━━ Excerpted records ━━

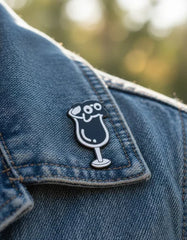 Pin Metálico Gatito en Copa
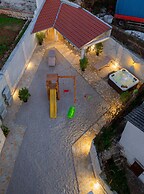 Beachfront Villa Seashell with Pool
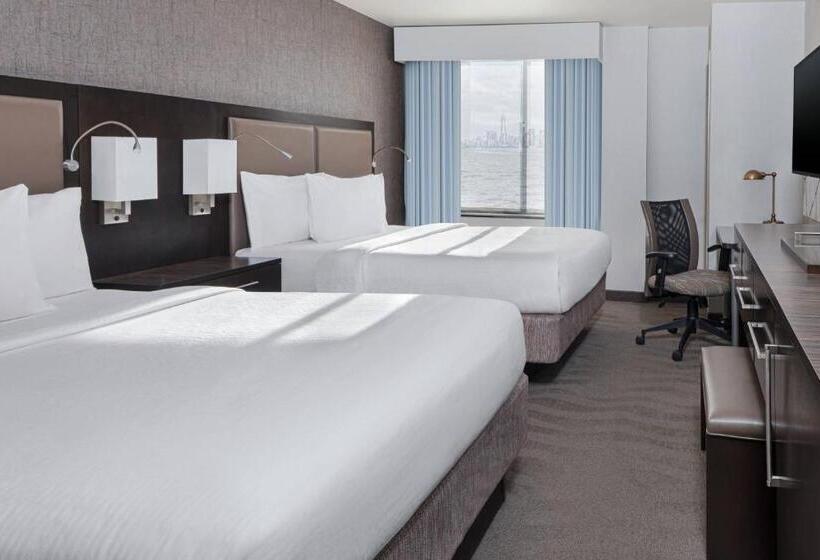 فندق Fairfield Inn & Suites By Marriott New York Staten Island
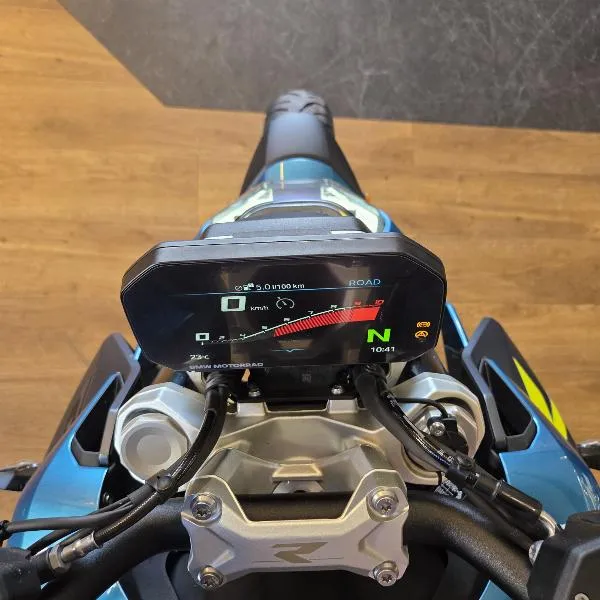 R 1300 R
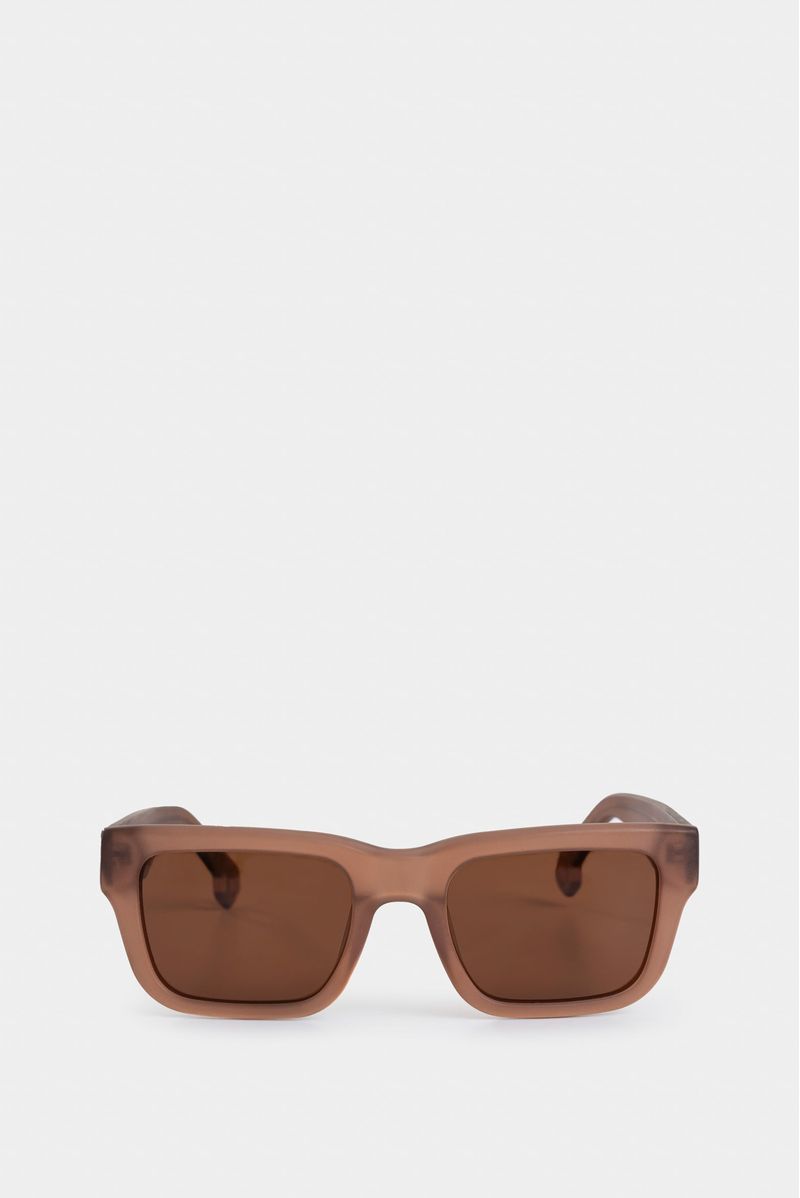 1037372-11-01-Gafas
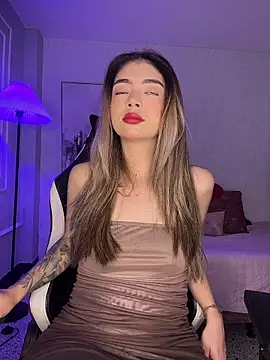 HoneyMollyX online show from November 2025 01:04:02 PM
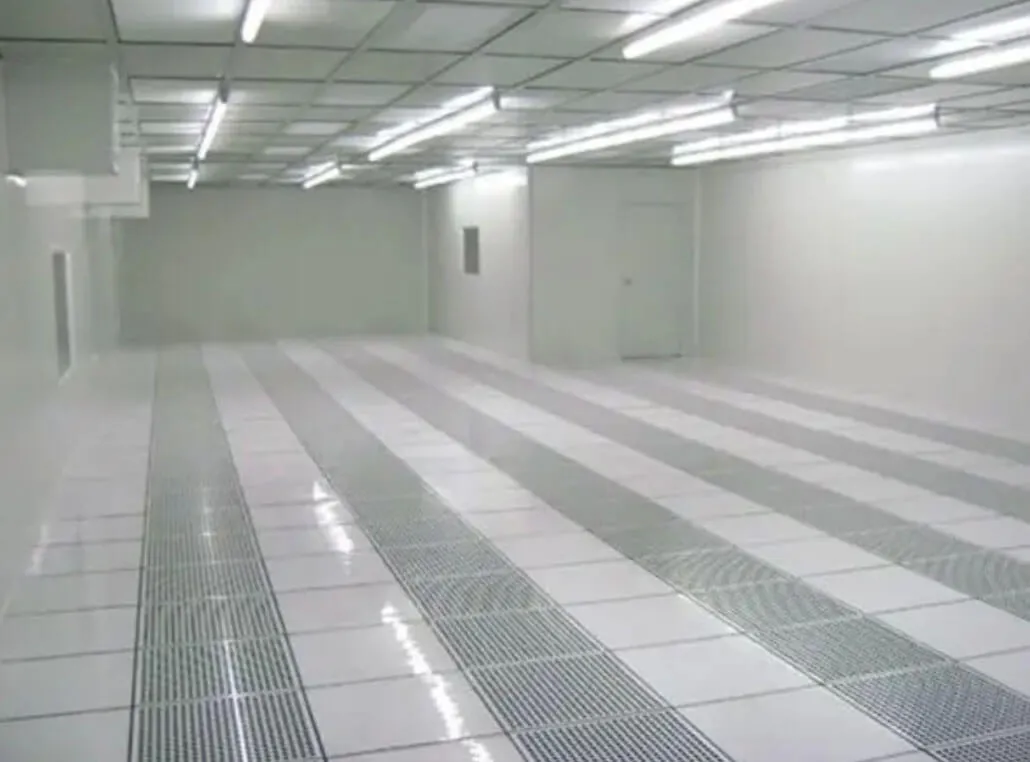Modern ISO Class 5 Cleanroom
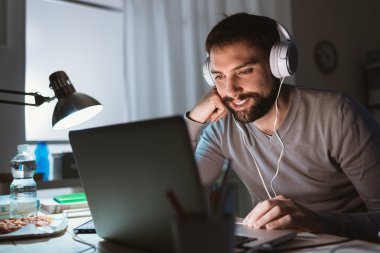 Yakışıklı adam gece geç saatte bağlanma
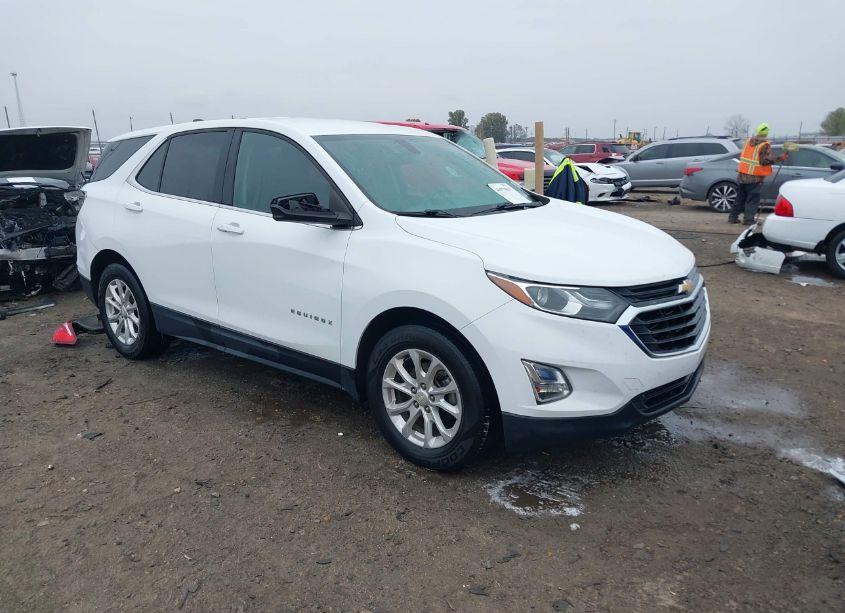 2019 Chevrolet Equinox LT (VIN 3GNAXKEV4KS516171) main photo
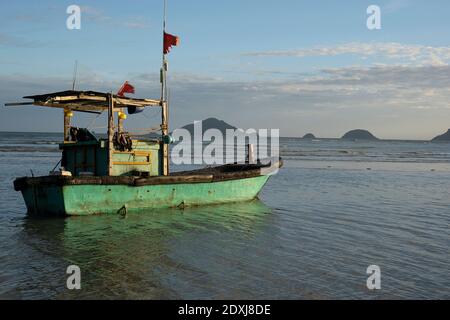 Kleines Fischerboot am Strand bei Ebbe Vietnam Stockfoto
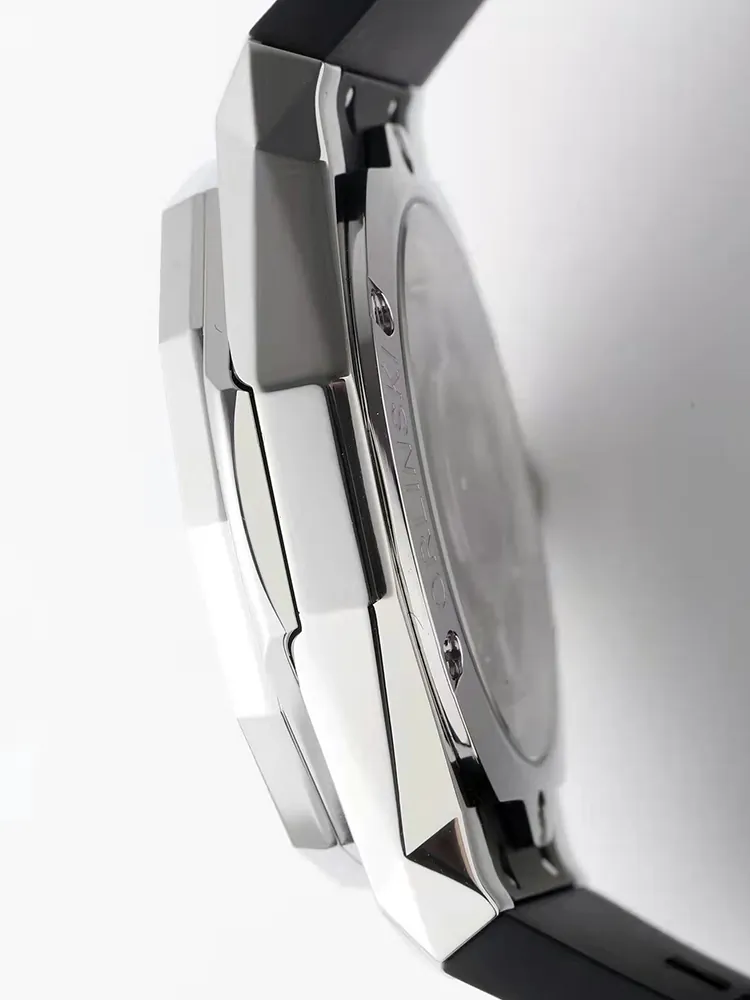 Hublot-Classic-Fusion-550.NS.1800.RX.1604.ORL19-Black-Left-Side-View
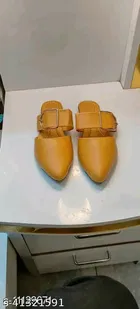 Flats for Women 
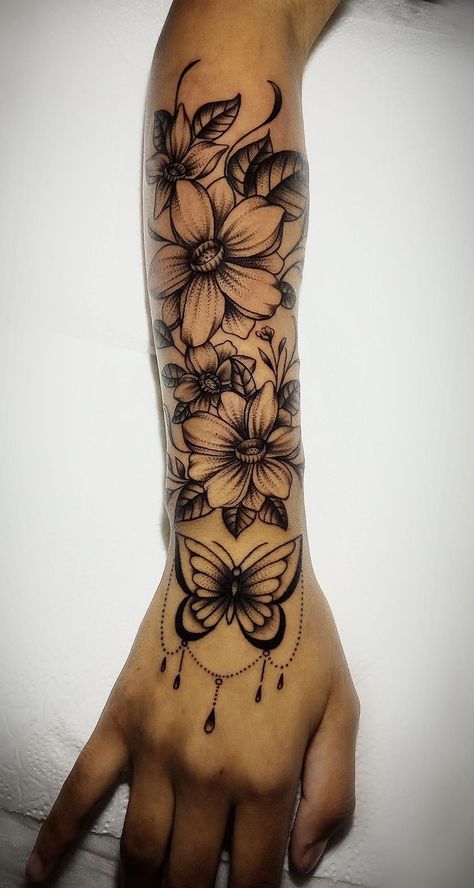 Arm Tattoos Black, Matching Bff Tattoos, Medium Tattoos, Mandala Hand Tattoos, Hand Tattoos For Girls, Taurus Tattoos, Cool Tattoo, Beautiful Flower Tattoos, Floral Tattoo Sleeve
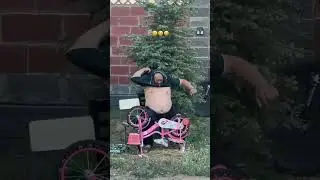 Сам же свою футболку разрезал 🤣❤️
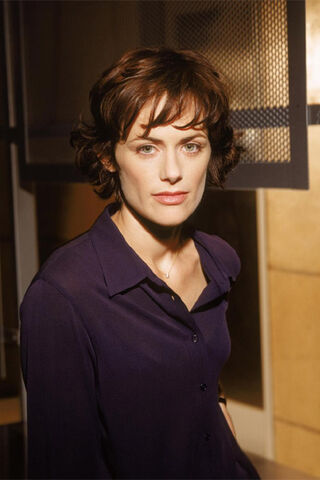 File:Nina Myers Season 1.jpg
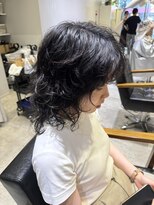 リタ(rita.)&nbsp;林　直人　ウルフカット、パーマ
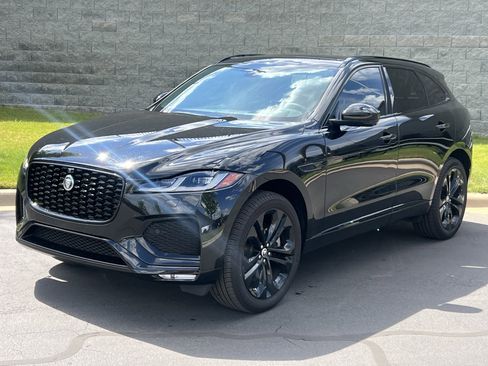 Used 2026 Jaguar F-PACE R-Dynamic S AWD/4WD image 1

━━━

Requirement
Your copy should hold all the data word for word. It should hold no pictures.

Final answer
 Pin Metálico Gatito en Copa
 Beachfront Villa Seashell with Pool
 فندق Fairfield Inn & Suites By Marriott New York Staten Island
 R 1300 R
 1037372-11-01-Gafas
 HoneyMollyX online show from November 2025 01:04:02 PM
Modern ISO Class 5 Cleanroom
 Yakışıklı adam gece geç saatte bağlanma
 2019 Chevrolet Equinox LT (VIN 3GNAXKEV4KS516171) main photo
 Kleines Fischerboot am Strand bei Ebbe Vietnam Stockfoto
 Hublot-Classic-Fusion-550.NS.1800.RX.1604.ORL19-Black-Left-Side-View
 Flats for Women 
 Arm Tattoos Black, Matching Bff Tattoos, Medium Tattoos, Mandala Hand Tattoos, Hand Tattoos For Girls, Taurus Tattoos, Cool Tattoo, Beautiful Flower Tattoos, Floral Tattoo Sleeve
 Сам же свою футболку разрезал 🤣❤️
 File:Nina Myers Season 1.jpg
 リタ(rita.)&nbsp;林　直人　ウルフカット、パーマ
 Used 2026 Jaguar F-PACE R-Dynamic S AWD/4WD image 1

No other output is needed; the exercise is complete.